Anna Karenina in der Inszenierung des Litauers Eimuntas Nekrošius von 2008.

Vorhang auf für den Osten

Die großen Namen des europäischen Theaters danken ab und die Wachablösung erfolgt durch eine neue Generation von Regisseuren, von denen die meisten aus Mittel- und Osteuropa stammen.

Veröffentlicht am 27 Mai 2011 um 16:10
Anna Karenina in der Inszenierung des Litauers Eimuntas Nekrošius von 2008.

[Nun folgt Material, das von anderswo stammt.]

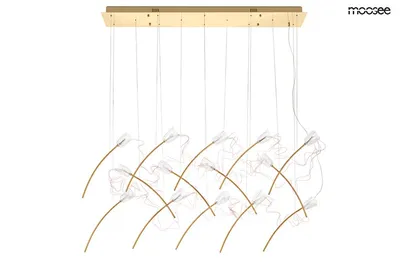 MOOSEE Lampa wisząca TULIPPE 14 LINE - złoty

Im Jahr 2009 starb unerwartet Pina Bausch, die legendäre Gründerin des Tanztheaters Wuppertal. Der Regisseur Peter Brook, 86, hat die Intendanz des von ihm gegründeten Pariser Théâtre des Bouffes du Nord abgegeben. Und für Peter Stein, dem legendären Ex-Intendanten der Berliner Schaubühne am Lehniner Platz, ist Regie heute kaum mehr als ein Steckenpferd. Auch Robert Wilson ist nicht mehr tonangebend. Doch mag die Natur kein Vakuum. Newcomer übernehmen im Laufe der politischen und sozialen Veränderungen auf dem Alten Kontinent die Posten der alten Meister.

Gymnastik aus Litauen****

Der erste Star aus dem neuen Europa ist der Litauer Eimuntus Nekrosius, geboren 1952 und ausgebildet in Moskau. Er schuf seine eigenen Handschrift, indem der Texte extrem tiefgehend seziert, dabei aber stets dem Autor treu bleibt. Seine Interpretationen machen Tschechow, Shakespeare oder von Goethes Faust zu zeitgenössischen europäischen Mythen. 1994 bekam er den großen Preis des renommierten Theaterfestivals "Neue Theaterwirklichkeiten“ von Torun, der die bedeutendsten und interessantesten europäischen Theatermacher auszeichnet.

Ein paar Jahre später entdeckte die Welt einen weiteren, erst 17 Jahre alten Litauer, Oskaras Korsuniovas, der 2001 ebenfalls mit dem Preis der "Neuen Theaterwirklichkeiten“ geehrt wurde. Er brachte das russische Theater des Absurden auf die europäischen Bühnen und hinterfragt die Absurdität der menschlichen Existenz und die Rolle des Zufalls im Leben. Zudem führte er die neue europäische Dramaturgie und ihre Auseinandersetzung mit Gewalt ins litauische Repertoire ein.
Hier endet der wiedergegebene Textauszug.